A science videornal!

Just learnt about a new science journal whose standard format is video.

Incidentally, the journal’s name is Journal of Visualized Experiments (JoVE).

The reason why I didn’t know about this journal is of course that it’s not in my research field, indeed, it is far away, even stellarly (it is featuring mostly medical, chemical and physical research in a video format, and they write biology but I guess it is more like a molecular biochem thing –I haven’t browsed deep yet).

Interesting.

They seek to set a brand new publication standard (even if videos are part of publications since some time now, though I’ve never came to read a paper with videos in annexes.

Among the journal’s aims:

- Rapid Knowledge Transfer

- Addressing Complexity

- Lifting the Laboratory Time Sink

- Integrating Time

- Be a Part of a New Movement in Science Publishing

Sure they provide a new way to expose science, and it really looks like like they succeeded because they already have substancial amount of videos.
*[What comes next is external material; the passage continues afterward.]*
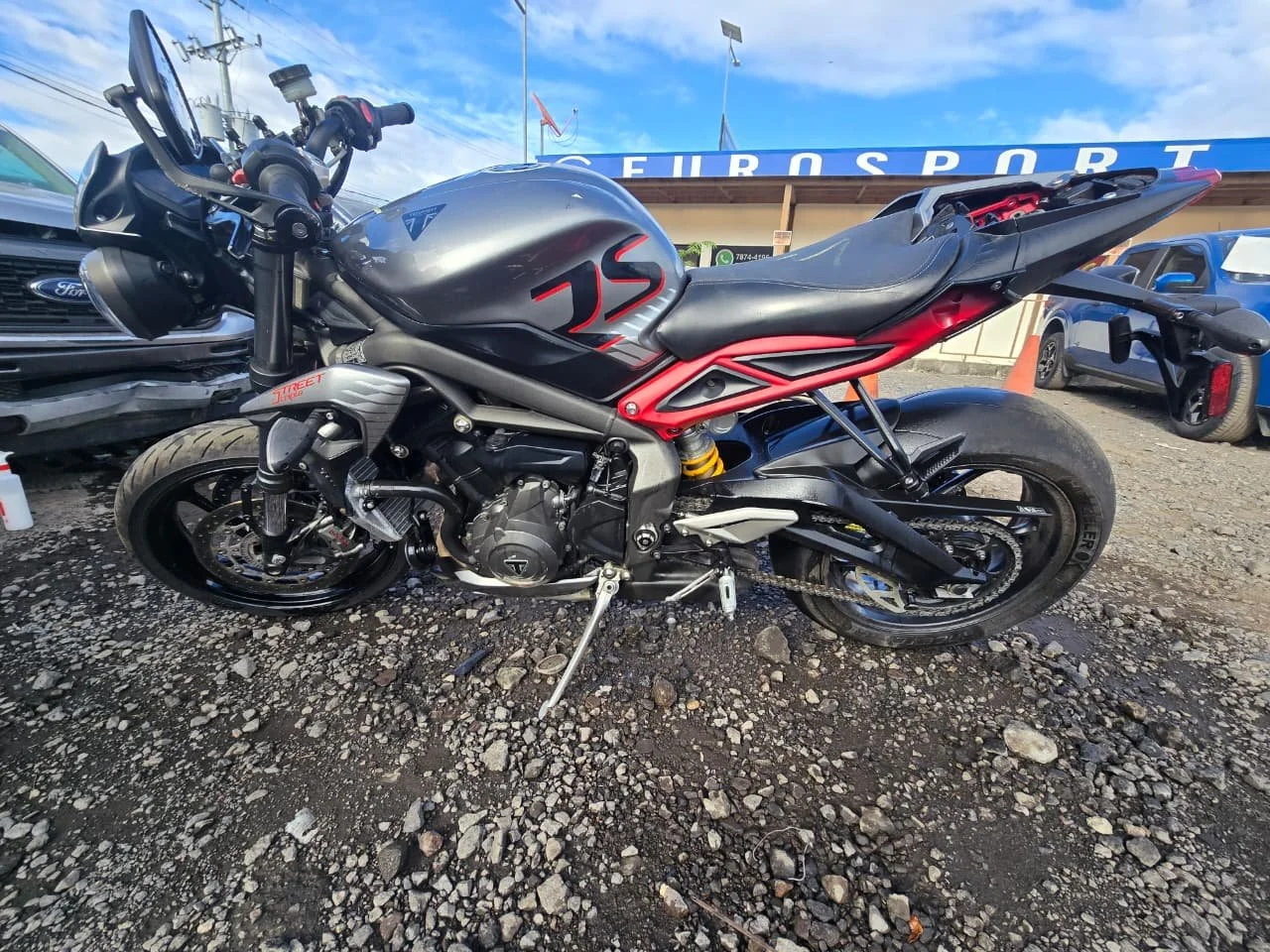 WhatsApp Image 2026-01-27 at 3.44.19 PM (1).jpeg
But does the format really translate into either goals? Not if the scientist is not already a video geek I guess. And how would one give a thorough communication of evidence? We need access to analyses and estimate data quality and the like (does this format ease detailing stats enough?). How does it work this way? Unsure whether the video format would fit Ecology and Evolution studies. Oh yeah, go and browse, the videos are mounted as sections were you can make it fit the space, hopefully in substance… I can’t say more, as I actually don’t have access to this journal.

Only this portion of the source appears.